16世紀後半から17世紀後半にかけて、スペイン人がマリアナ諸島(グァム島を含む全マリアナ諸島のこと)を軍事的に制圧し植民地化した(注2)。
スペイン人たちは、キリスト教とスペイン語をはじめとした自分たちの文化を強要し、チャモロ人と混血した。そして現在のチャモロ人たちはとても敬けんなカトリック教徒だ(写真)。またチャモロ人の多くはスペイン姓を持ち、チャモロ語の中にも多くのスペイン語が取り込まれている。

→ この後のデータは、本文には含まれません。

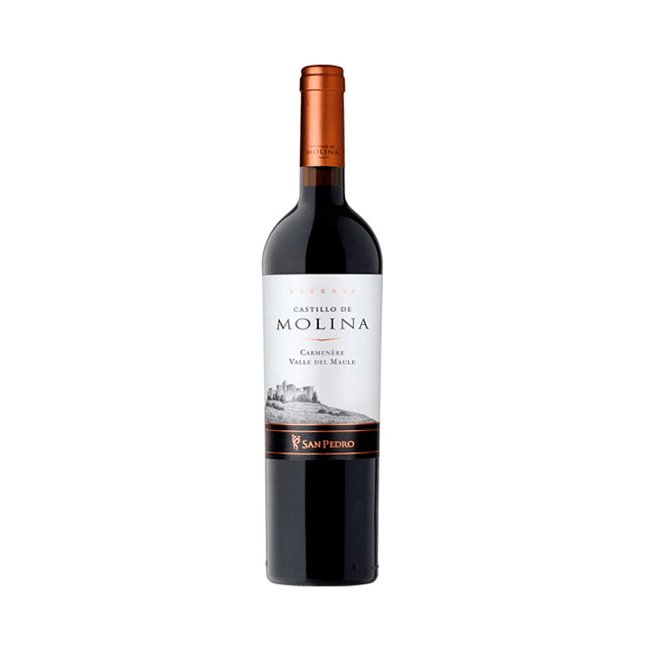 Vino Castillo de Molina Carmenere 750cc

しかしながら、スペインの恐怖政治とヨーロッパから持ち込まれた病気により、元々少なくとも50,000人ほどいたと思われる北マリアナ諸島のチャモロ人は約3,000人に激減した。ロタ島にはチャモロ人たちが5,000人ほどいたが、スペイン人の目を逃れてジャングル内に隠れ住んだ200〜300人ほどだけになってしまった。現在でも2,000人ほど(公式には1,861人)にしか復活していない。スペイン人にとって大きな意味を持っていたグァム島などと違って、ほとんど見捨てられたロタ島ではスペイン人との接触が少なく、病気のまん延が起こらなかった。今でもロタ島は病気の少ない島と言われる。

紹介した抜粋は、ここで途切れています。